Tingkat polusi udara di Jakarta semakin mengkhawatirkan. Berdasarkan parameter kualitas udara IQAir, dari 109 negara, indeks kualitas udara Jakarta mencapai angka 183 US Air Quality Index (AQI US) atau terburuk sedunia pada pagi ini.

Liputan6.com, Jakarta - Tingkat polusi udara di Jakarta semakin mengkhawatirkan. Berdasarkan parameter kualitas udara IQAir, dari 109 negara, indeks kualitas udara Jakarta mencapai angka 183 US Air Quality Index (AQI US) atau terburuk sedunia pada pagi ini.

Beberapa waktu lalu, Menteri Negara Lingkungan Hidup (LHK) periode 1999-2001, Alexander Sonny Keraf, mengimbau untuk mempercepat transisi kendaraan listrik untuk mengatasi tingginya polusi udara Jakarta yang berasal dari emisi sektor transportasi.

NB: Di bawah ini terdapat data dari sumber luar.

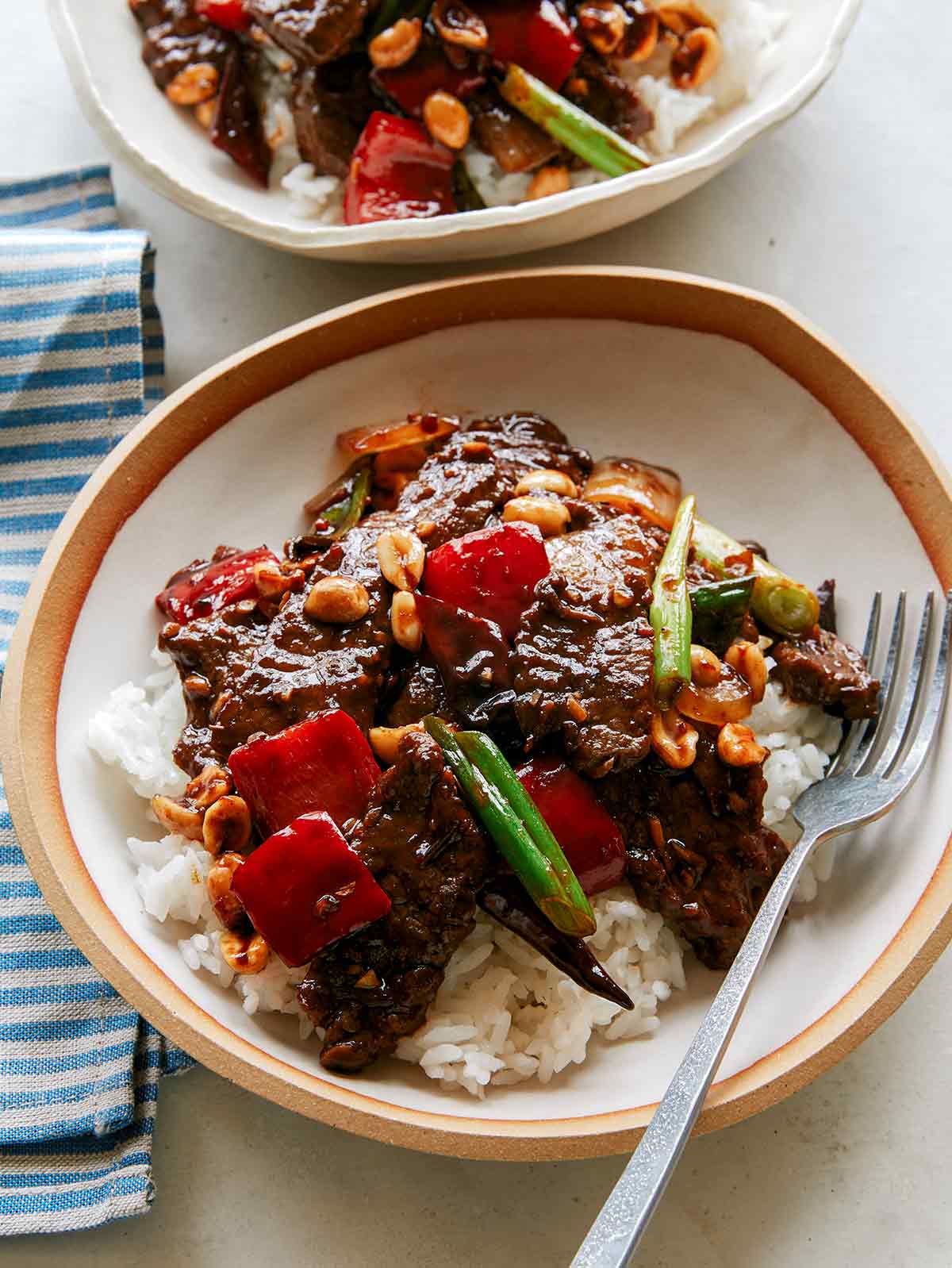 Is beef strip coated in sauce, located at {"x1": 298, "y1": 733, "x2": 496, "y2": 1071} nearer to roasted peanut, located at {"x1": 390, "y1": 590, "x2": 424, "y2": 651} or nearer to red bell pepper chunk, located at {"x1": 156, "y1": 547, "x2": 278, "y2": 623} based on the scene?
roasted peanut, located at {"x1": 390, "y1": 590, "x2": 424, "y2": 651}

Sonny menilai polutan yang berasal dari emisi kendaraan berbahan bakar fosil di Jakarta sudah sangat mengkhawatirkan. Kesehatan pernafasan hingga kecerdasan otak akan terus mengancam warga ibu kota jika kondisi ini terus dibiarkan.

Kendaraan ramah lingkungan seperti mobil listrik atau motor listrik memang tidak menghasilkan gas buang seperti kendaraan bermesin konvensional. Namun, apakah lebih ramah lingkungan?

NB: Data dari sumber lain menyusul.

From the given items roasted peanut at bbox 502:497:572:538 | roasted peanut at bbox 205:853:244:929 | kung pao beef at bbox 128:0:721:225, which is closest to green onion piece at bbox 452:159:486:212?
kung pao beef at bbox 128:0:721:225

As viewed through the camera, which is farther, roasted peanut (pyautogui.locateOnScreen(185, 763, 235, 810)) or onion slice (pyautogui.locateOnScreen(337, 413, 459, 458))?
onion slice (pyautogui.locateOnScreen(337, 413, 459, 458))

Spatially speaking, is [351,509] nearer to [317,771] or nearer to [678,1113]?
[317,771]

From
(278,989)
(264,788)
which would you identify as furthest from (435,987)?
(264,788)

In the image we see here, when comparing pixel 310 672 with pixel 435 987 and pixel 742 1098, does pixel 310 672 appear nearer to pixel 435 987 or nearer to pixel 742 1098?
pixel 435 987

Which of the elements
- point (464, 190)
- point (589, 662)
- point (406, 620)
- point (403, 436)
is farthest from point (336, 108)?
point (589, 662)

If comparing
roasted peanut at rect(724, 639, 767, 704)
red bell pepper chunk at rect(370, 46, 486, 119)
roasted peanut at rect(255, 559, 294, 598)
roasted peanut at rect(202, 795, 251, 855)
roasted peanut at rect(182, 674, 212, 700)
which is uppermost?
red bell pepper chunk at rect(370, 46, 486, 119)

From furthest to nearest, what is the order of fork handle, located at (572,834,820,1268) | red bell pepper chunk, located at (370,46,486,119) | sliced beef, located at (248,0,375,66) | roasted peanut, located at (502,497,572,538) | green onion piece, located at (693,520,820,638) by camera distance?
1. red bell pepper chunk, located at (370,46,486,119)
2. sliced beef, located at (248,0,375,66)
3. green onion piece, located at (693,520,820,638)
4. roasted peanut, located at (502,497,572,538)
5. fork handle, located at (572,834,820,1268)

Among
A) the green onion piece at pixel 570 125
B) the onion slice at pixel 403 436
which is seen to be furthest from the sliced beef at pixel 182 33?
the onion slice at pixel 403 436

Dilansir climate.mit.edu, emisi kendaraan listrik berasal dari proses pembuatan dan juga pengecasan. Menurut Sergey Paltsev selaku Deputy Director of the MIT Joint Program on the Science and Policy of Global Change, kendaraan listrik merupakan opsi dengan emisi yang lebih rendah dibandingkan dengan mobil bermesin konvensional. Selama masa hidupnya, kendaraan listrik menghasilkan emisi karbon lebih rendah dibanding mobil konvensional dalam kondisi apapun.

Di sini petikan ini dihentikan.